→ **AVAILABLE RECORDS**:
════════

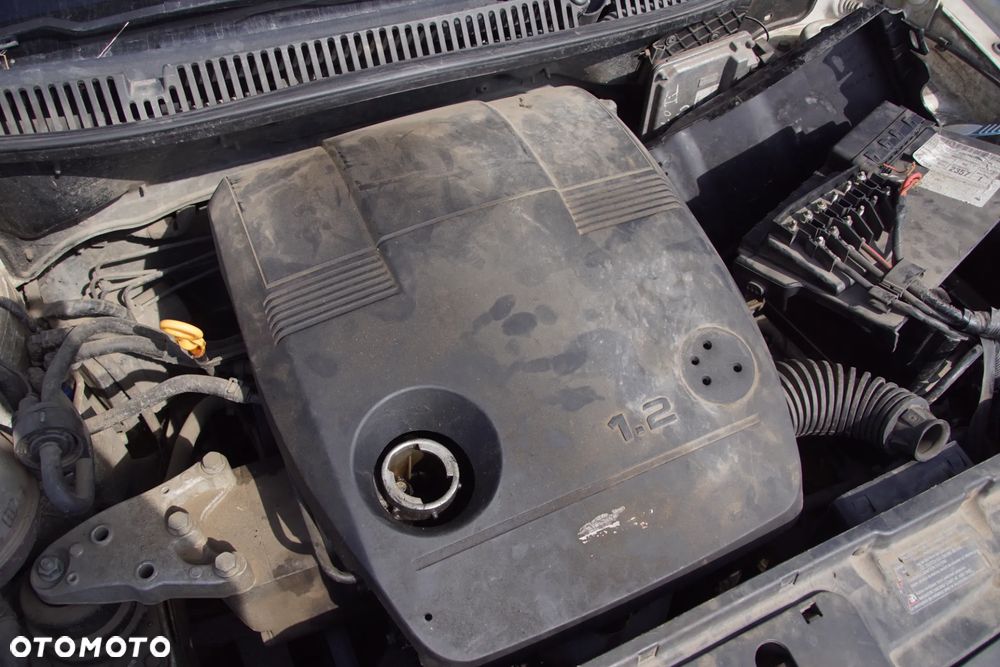 Auto na części - Volkswagen Polo IV 9N 1.2 54 KM AWY FSP LB9A 2002R Silnik Skrzynia Drzwi Maska Błotnik Zderzak Klapa Lampa Lusterko Klamka Szyba Deska Kokpit Sterownik Moduł Czujnik Licznik Panel Kierownica - 16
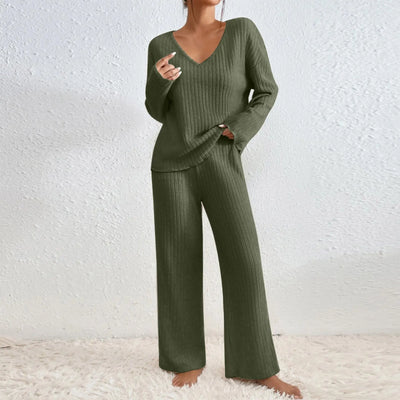Clara | Two-Piece Women’s Set with Modern Style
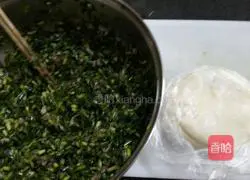 Illustration of how to make leek and pork dumplings 6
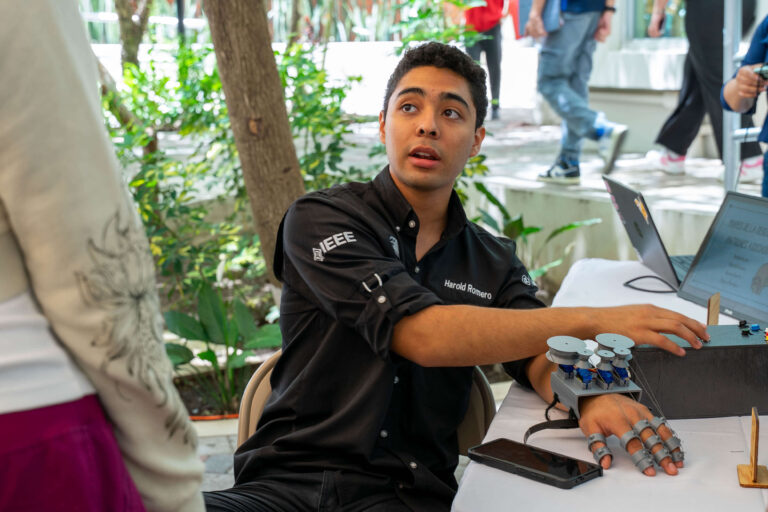 Estudiante de Ingenier&iacute;a UNITEC explicando un prototipo biom&eacute;dico durante EXPO FI Q2-2026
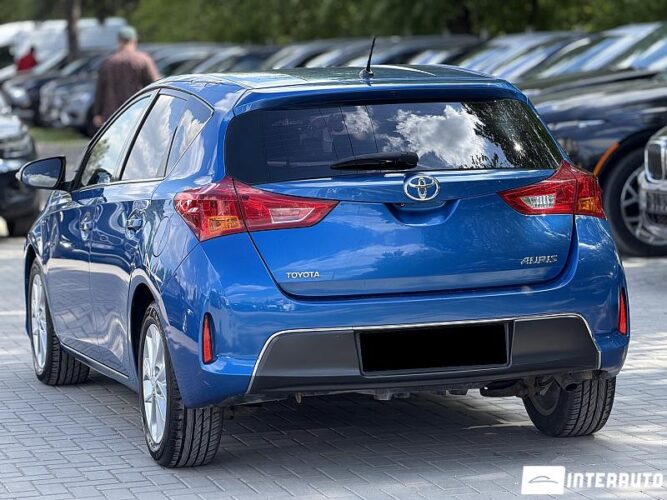 toyota Auris 2013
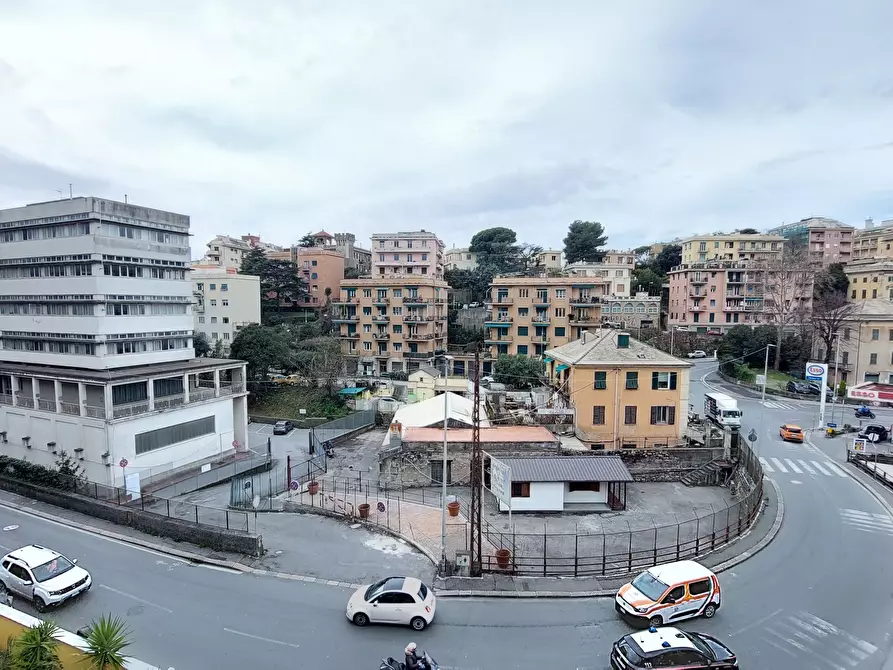 Immagine 1 di Quadrilocale in vendita  in Via Sturla 54 a Genova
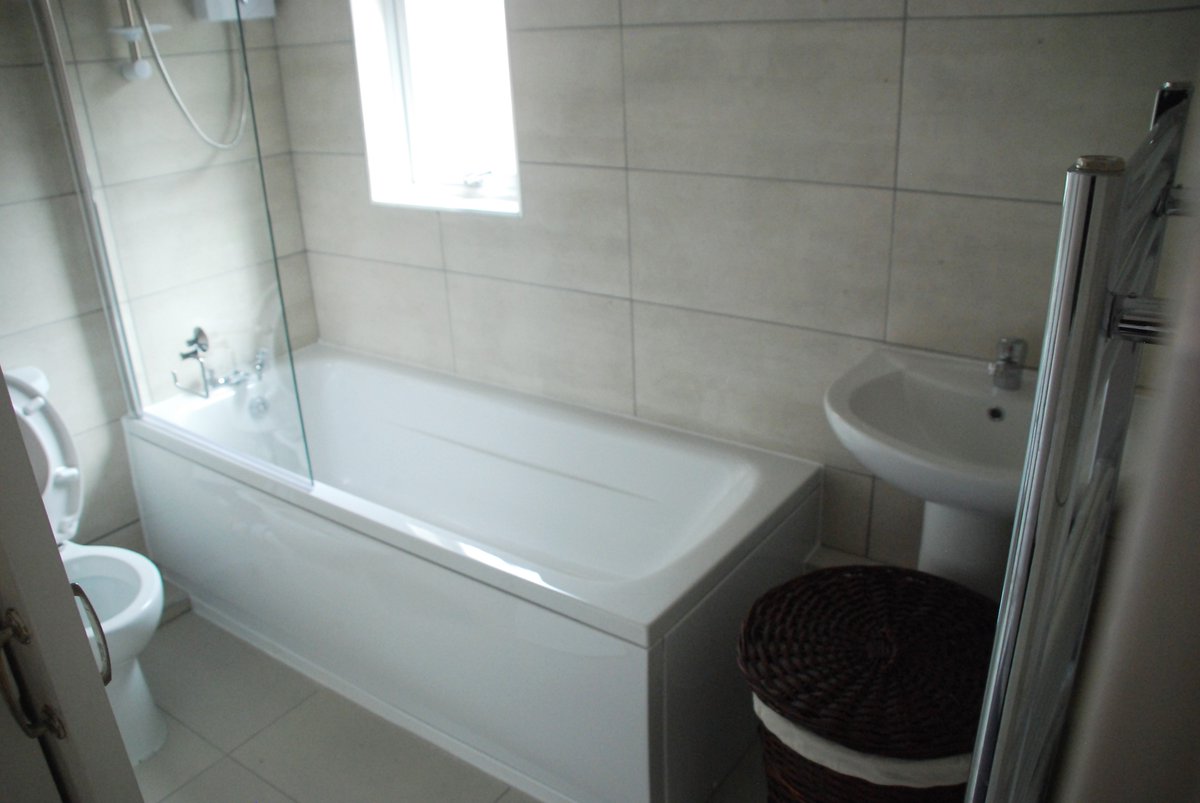 Holmes and Hunters tweet media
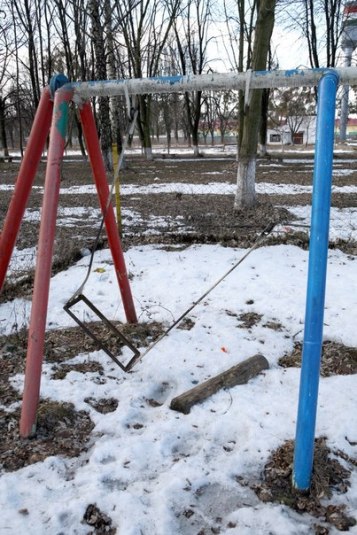 Молодь Чопа власними силами відновила дитячий майданчик у міському парку (ФОТО)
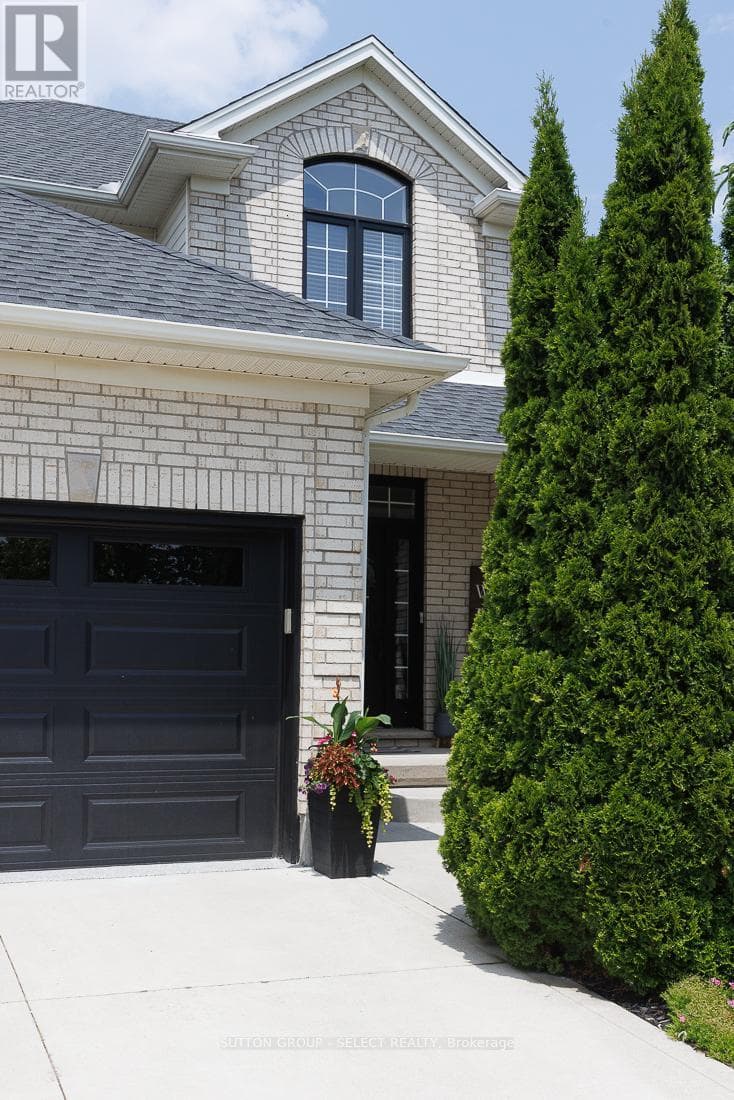 382 PLANE TREE DRIVE photo 3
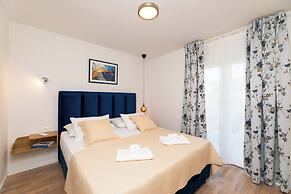 Apartment Bracholet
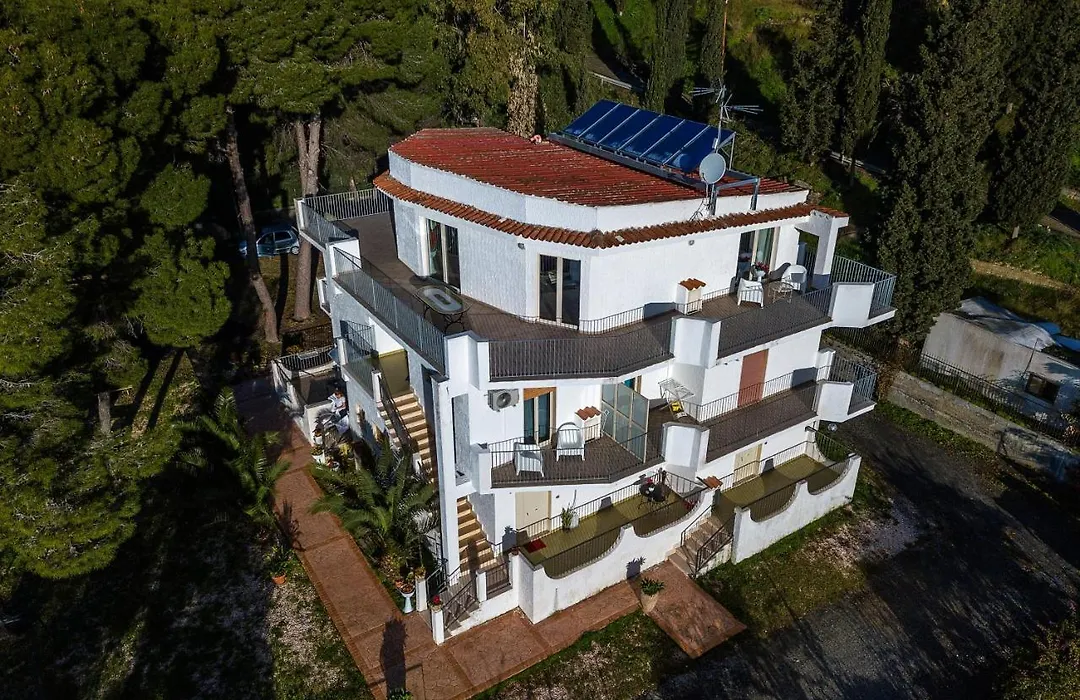 villa aurora-1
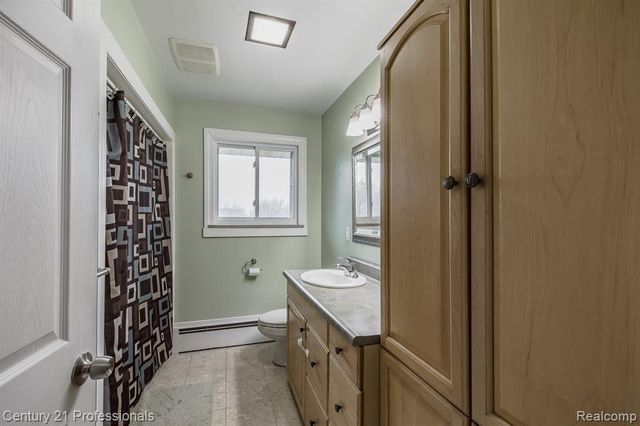 3230 Thomas Road, Oxford, MI 48371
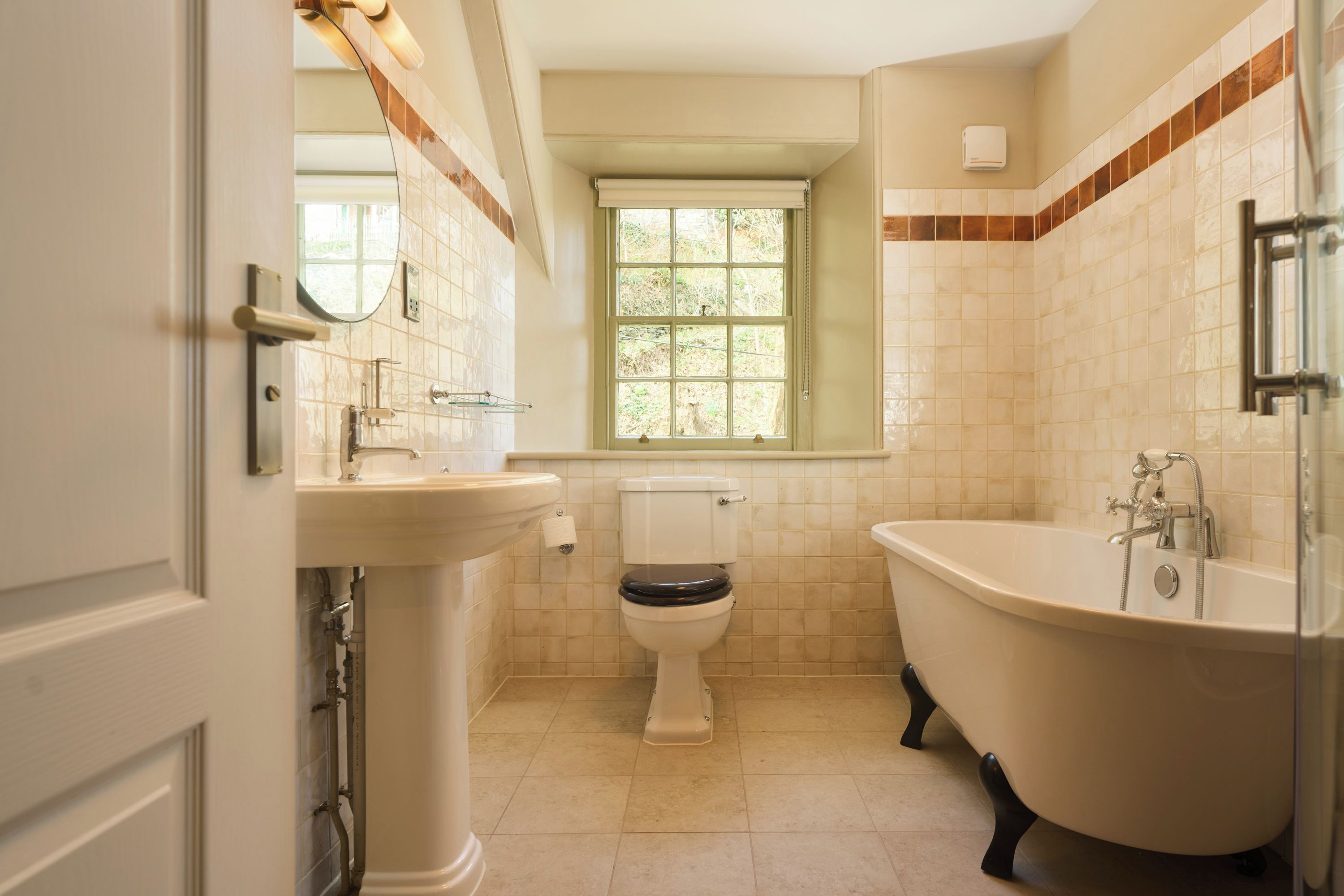 Standard Double Room | Bathroom | Free toiletries, hair dryer, towels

════════

→ **EXERCISE BRIEF**: This exercise asks for an exact copy of the lines from the first one in the data through the line that contains "Clara | Two-Piece", pictures excluded.

→ **ANSWER BOX**:
 Auto na części - Volkswagen Polo IV 9N 1.2 54 KM AWY FSP LB9A 2002R Silnik Skrzynia Drzwi Maska Błotnik Zderzak Klapa Lampa Lusterko Klamka Szyba Deska Kokpit Sterownik Moduł Czujnik Licznik Panel Kierownica - 16
Clara | Two-Piece Women’s Set with Modern Style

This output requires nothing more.